Russlands Weg in die Diktatur

Putins neues Russland und der Buchstabe "Z"

Zu den Randerscheinungen der Kriegsverbrechen und -gräuel in der Ukraine zählt, dass die russischen Invasoren mit einem notdürftig in Weiß aufgepinselten oder aufgesprühten "Z" bzw. einem "V" auf ihrem Kriegsgerät in den Kampf ziehen. Zu Beginn des Überfalls wurde gerätselt, was das bedeuten könnte. Einige Medien berichten nun darüber, dass ausgerechnet das russische Verteidigungsministerium via Instagram über die Bedeutung der Buchstaben informiert hätte. Die Besonderheit daran: Das Kyrillische Alphabet kennt die aus der lateinischen Schrift geläufigen Buchstaben "Z" und "V" überhaupt nicht. Warum sollte die russische Armee folglich Buchstaben verwenden, die weder für einen Russen noch einen Ukrainer verständlich sind? Tatsache ist, gerade auf russischer Seite, in nationalistischen Kreisen, bei zahlreichen Jugendlichen und Befürwortern des russischen Invasionskrieges, haben die Buchstaben längst schon Kultstatus erreicht. Immer häufiger sieht man in den russischen Städten auch ganz normale zivile Fahrzeuge, die wie nach einem gewonnenen Fußballspiel neben der russischen Trikolore auch mit einem großen auf ihrem Fahrzeug aufgeklebten "Z" ausgestattet sind. Während westliche Beobachter die ungewöhnliche Buchstabensymbolik der russischen Streitkräfte bereits als "Swastika"-ähnliches Symbol im Zuge eines neuen russischen Faschismus bezeichnen und Vergleiche mit dem Hackenkreuz gezogen werden, kommt es im Sport mit dieser von der russischen Staatspropaganda geschaffenen Kriegssymbolik zu ersten erschreckenden Vorfällen. So sorgte beim Weltcup der Turner in Doha (Katar) das "Z" für einen ersten Eklat. Dort gewann der 19-jährige Ukrainer Illia Kovtun. Auf der Siegertreppe links neben ihm postierte sich der drittplatzierte russische Athlet Ivan Kuliak. Der 20-Jährige Turner hatte sich auf sein Sporttrikot mit weißem Klebeband ein "Z" als Ersatz verbannter nationaler russischer Symbole aufgeklebt.
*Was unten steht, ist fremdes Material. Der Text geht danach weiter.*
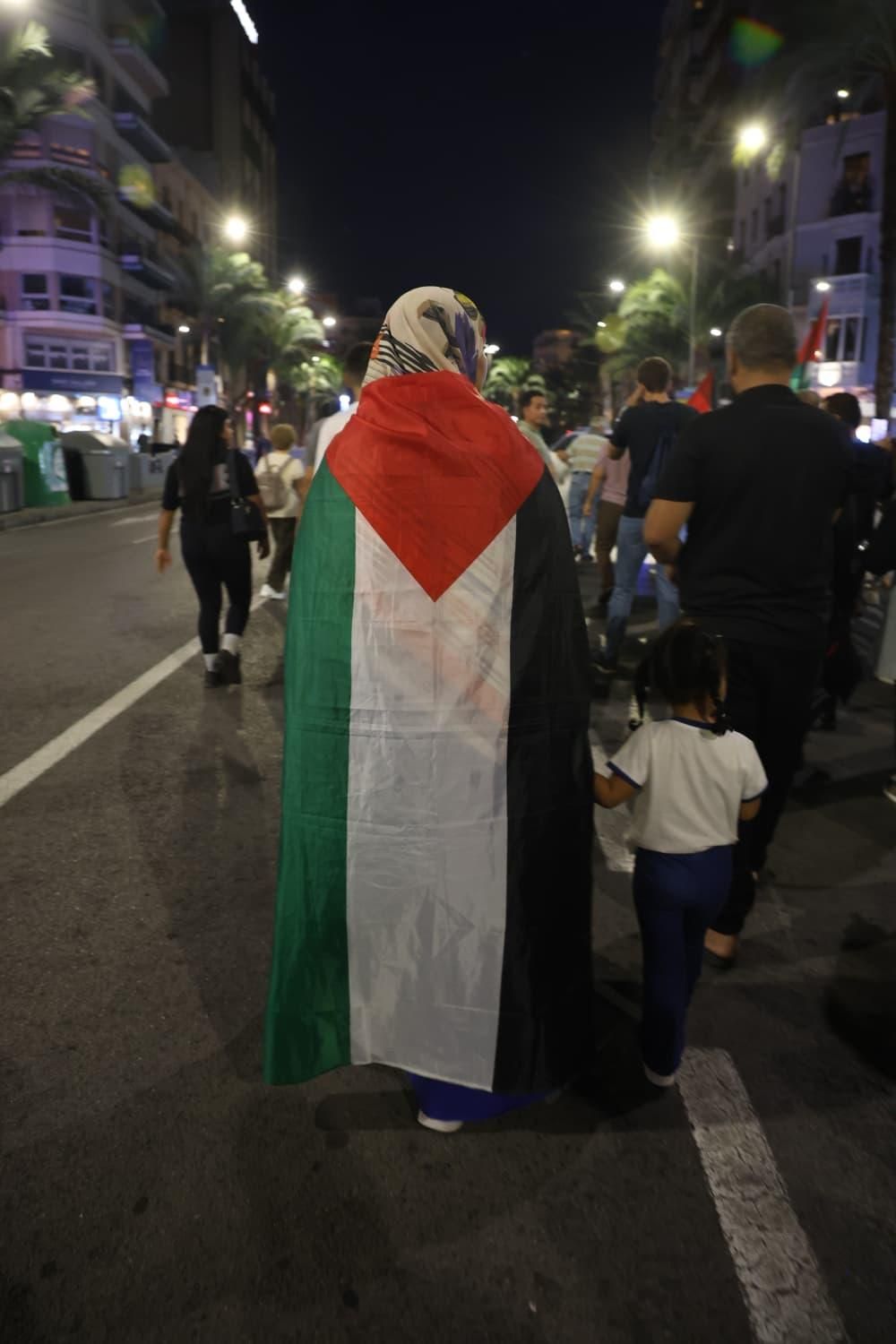 Alicante alza la voz por Palestina en una jornada de movilizaciones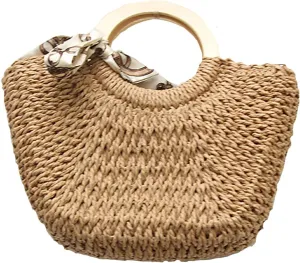 Straw Woven Crossbody Bags Hobo Bags for Summer Fashion Woven Tote Bag Crochet Handbag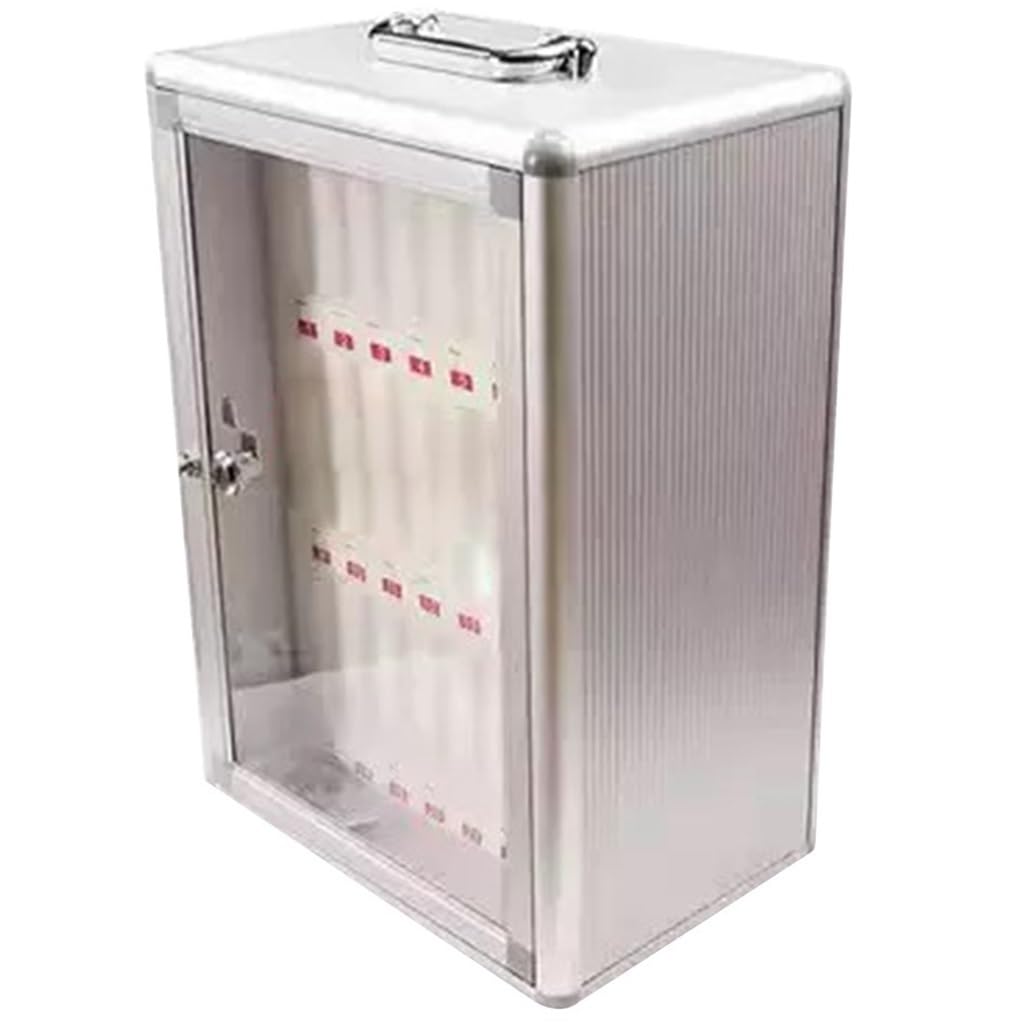 Caja de almacenamiento para teléfonos móviles de 8 a 60 ranuras, de aleación de aluminio, para guardar teléfonos móviles, organizador de escritorio multifuncional para conferencias, aulas, escuelas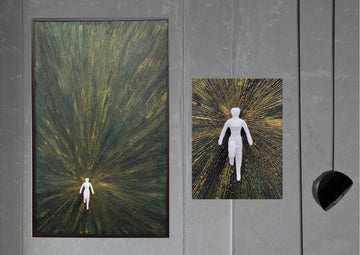 Premium Unique Luxury Modern Artisan Exclusive Handcrafted Abstract Lumina Wall Art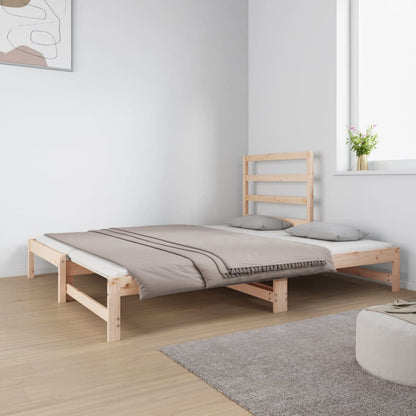 Dormeuse Estraibile 2x(90x190) cm Legno Massello di Pino | homemem39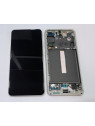 Pantalla lcd para Samsung Galaxy S21 FE SM-G990B GH82-26414C GH82-26420C mas tactil negro mas marco verde Service P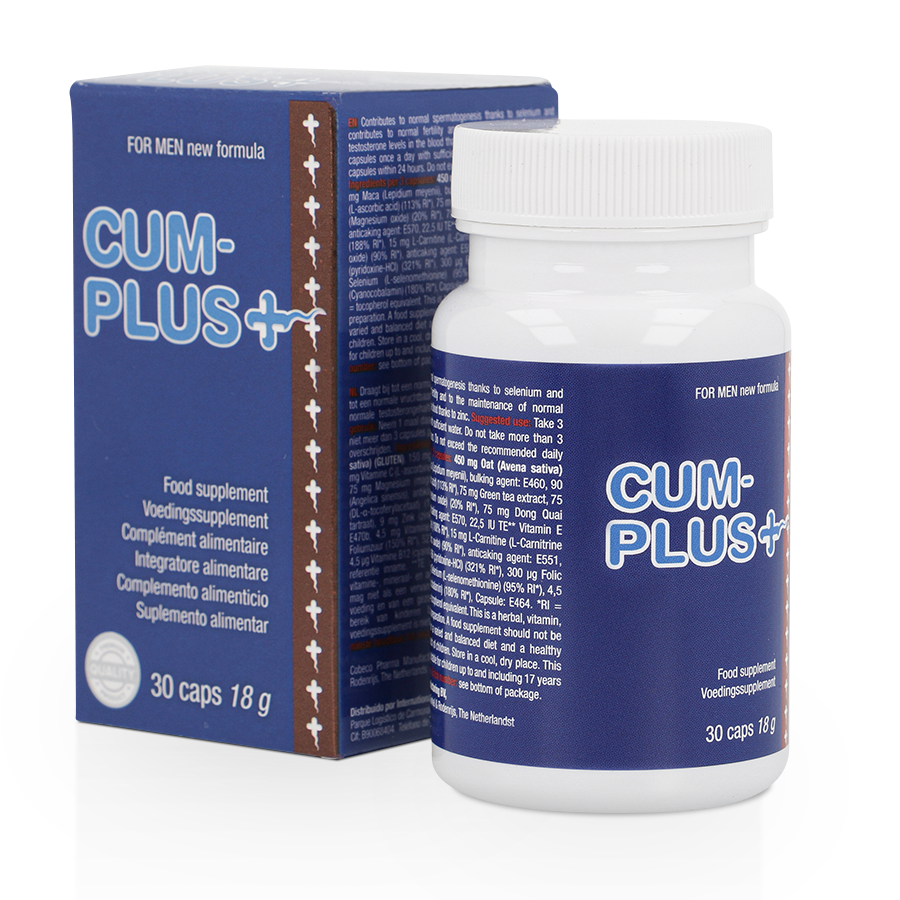 Cápsulas Cum Plus: Mejora tu Fertilidad y Bienestar Masculino con Zinc y Selenio Naturales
Links: Russischer Invasionspanzer mit "Z"-Bemalung und Soldaten mit weißer Armbinde. Rechts: Der russische Athlet Ivan Kuliak (20) mit einem von ihm angebrachten weißen "Z" auf dem Turnertrikot.

Vorfälle, wie jene anlässlich des Weltcups des Internationalen Turnerbundes (FIG) in Doha, sind ernst zu nehmen. Sie sind ganz eindeutig das Ergebnis der russischen Staatspropaganda. Vor allem erinnern sie aber an jene finstere Zeit auf dem europäischen Kontinent, wo Symbole wie das Hakenkreuz zum Symbol für Krieg, Kriegsverbrechen und millionenfachen Mord an unschuldigen Menschen wurde. Doch was war passiert?

Russische Athleten durften noch an diesem Wochenende bei verschiedenen internationalen Wettkämpfen teilnehmen. So auch beim Turner-Weltcup in Doha. Dort galt am Wochenende noch der FIG-Beschluss vom 26. Februar, wonach nach der von Belarus unterstützten Invasion Russlands in die Ukraine nur die Flaggen beider Länder nicht gezeigt und deren Hymnen nicht gespielt werden durften. Es ist somit eines ihrer letzten Schlupflöcher im Weltsport, ansonsten sind beide Länder aus der Gemeinschaft der Athleten mittlerweile auf breiter Ebene verbannt worden. Es stand nun die Siegerehrung des Barren-Wettbewerbs an, der Ukrainer Illia Kovtun (19) hatte gewonnen. Links neben ihm postierte sich der Russe Ivan Kuliak. Er war Dritter und bezog also seinen Platz auf dem Siegerpodest. Der 20-Jährige trug als einziger der Riege sein Wettkampfshirt, vielleicht nicht ohne Grund, die anderen beiden hatten sich jedenfalls bereits die Trainingsanzüge angezogen. Kuliak sorgte in erster Linie mit dem für Aufsehen, was er sich provisorisch im Brustbereich seines Shirts mit weißem Klebeband aufgeklebt hatte: ein "Z".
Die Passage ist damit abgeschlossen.